Wednesday, May 13, 2009

The Big Box

I read this article a couple months ago, but I see that Cafe Hayek has linked to it which gives me an excuse to highlight it.

Charles Platt is a journalist who decided to pull a Barbara Ehrenbacher and get a job at Wal-Mart to see what life is like on the inside of the "notorious" discount retailer. What he found might surprise those of you who thought that Wal-Mart is a modern day Simon Legree. Platt found working at Wal-Mart was hardly oppressive and that, more surprisingly, Wal-Mart's employees had a lot of autonomy, including the ability to place large merchandising orders. Platt does allow that working at Wal-Mart is not a high-wage job, but that leads him to some conclusions that would appall the Progressive Set:

I found myself reaching an inescapable conclusion. Low wages are not a Wal-Mart problem. They are an industry-wide problem, afflicting all unskilled entry-level jobs, and the reason should be obvious.

In our free-enterprise system, employees are valued largely in terms of what they can do. This is why teenagers fresh out of high school often go to vocational training institutes to become auto mechanics or electricians. They understand a basic principle that seems to elude social commentators, politicians and union organizers. If you want better pay, you need to learn skills that are in demand.

The blunt tools of legislation or union power can force a corporation to pay higher wages, but if employees don't create an equal amount of additional value, there's no net gain. All other factors remaining equal, the store will have to charge higher prices for its merchandise, and its competitive position will suffer.

This is Economics 101, but no one wants to believe it, because it tells us that a legislative or unionized quick-fix is not going to work in the long term. If you want people to be wealthier, they have to create additional wealth.


When he says "no one," he means liberals and progressives in the intellectual, media, and political elite. Some of figured this out during our first after-school job.

Having dissed the unions, Platt then goes off on public schools and (by extension) our useless teachers:

To my mind, the real scandal is not that a large corporation doesn't pay people more. The scandal is that so many people have so little economic value.

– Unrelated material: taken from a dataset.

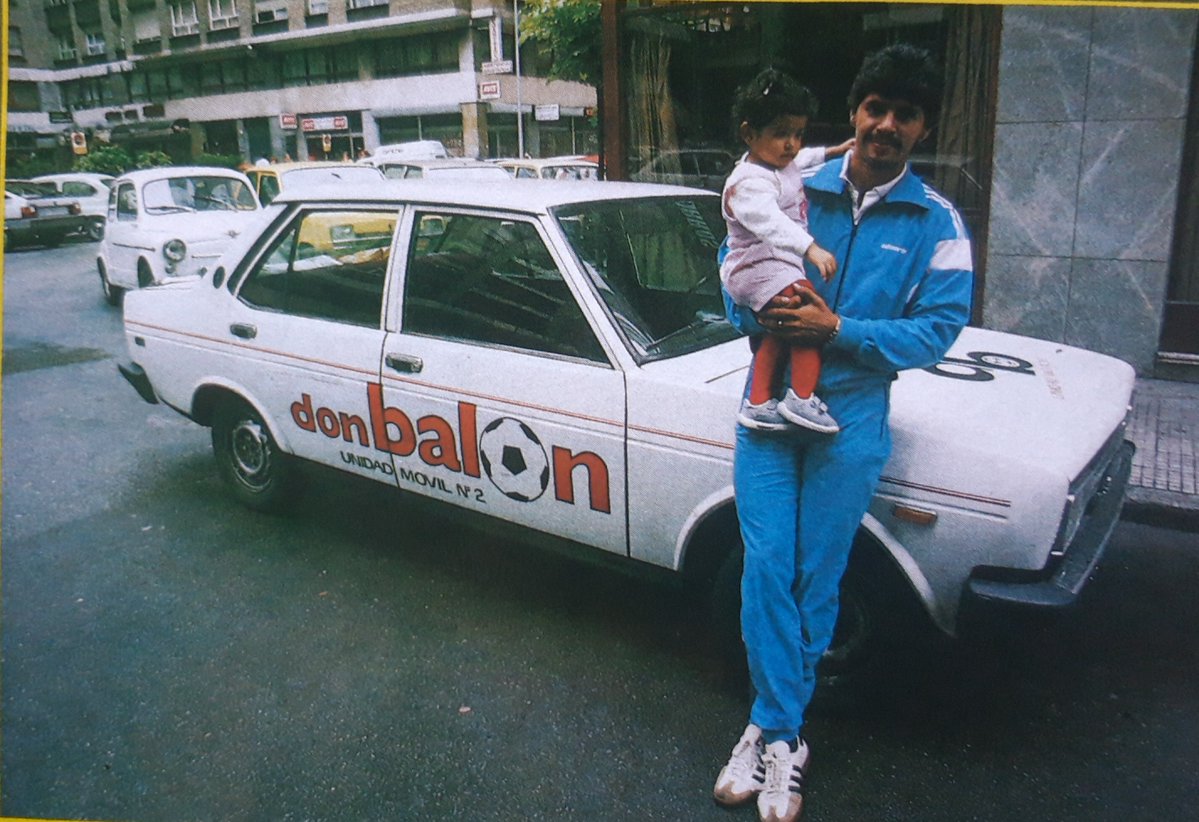 FutbolCarroza's tweet photo. 📸 El delantero mexicano 'Lucho' Flores en Gijón, posando junto a una unidad móvil de Don Balón.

Despite (or because of) a free public school system, millions of teenagers enter the work force without marketable skills. So why would anyone expect them to be well paid?

Damn right. Think of all the time wasted in high school (and earlier) on learning about stuff like Earth Day, "A Color Purple," Kwanza, sex ed., etc. Think of the millions of average kids forced to spend hours yawning through the schoolday, learning nothing (or close to it), until they graduate and SURPRISE! they struggle to find post-high school work.